China’s two major fighter aircraft manufacturers, Shenyang Aircraft Industry Co. (SAC) and Chengdu Aircraft Industry Co. (CAC), are both working on advanced 4th generation fighter designs that could enter the PLAAF service as early as 2015. While Shenyang has been engaged in a brand new F/A-22-class stealth fighter design known as J-12, Chengdu has been focusing its development effort on an enlarged twin-engine stealth version of its J-10 fighter possibly designated J-13. Both development projects are believed to have benefited from Russian aviation and weapon technologies.
SHENYANG J-12 PROGRAMME
The Chinese aviation industry began the preliminary research for China’s 4th generation fighter programme in the mid-1990s. In 1998 the U.S. Office of Naval Intelligence (ONI) reported that an advanced F/A-22-class twin-engine stealth fighter known as J-12 was under development at Shenyang. Later in 2003 an Internet source photo revealed a fighter mockup for wind tunnel test which may be linked to the J-12 project. As more details of the fighter began to emerge, it was understood that the fighter will also be fitted with an internal weapon bay and possibly active phased array radar.

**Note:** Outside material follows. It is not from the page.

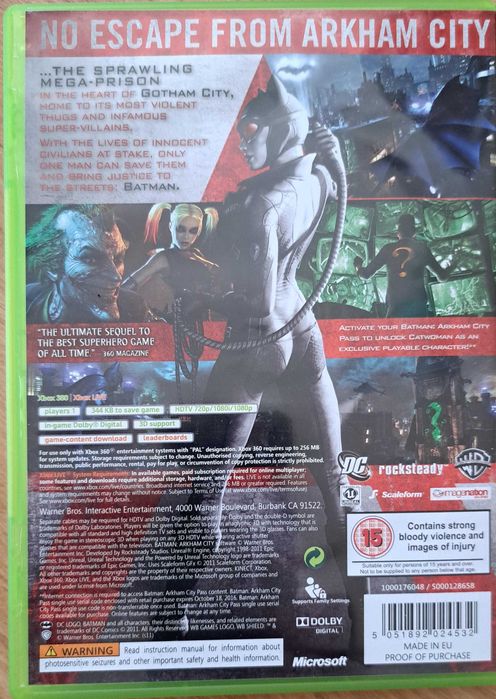 Batman: Arkham City Xbox 360  Stan: Bardzo Dobry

Considering China’s track record in combat aircraft development, a project like the J-12 may prove challenging. It will involves technology advancement in a number of fields including materials, high-performance aviation engine, electronics, flight control software, and stealth technologies. A project of this scale will also require huge amount of investment and considerable knowledge of complex project and manufacturing management. While China may be able to benefit from some “off-the-shelf” dual-use technologies available in the commercial market, it will almost definitely seek assistance from its traditional military technology suppliers such as Russia and Israel. However, none of these two countries possess the experience of developing an advance fighter of this class.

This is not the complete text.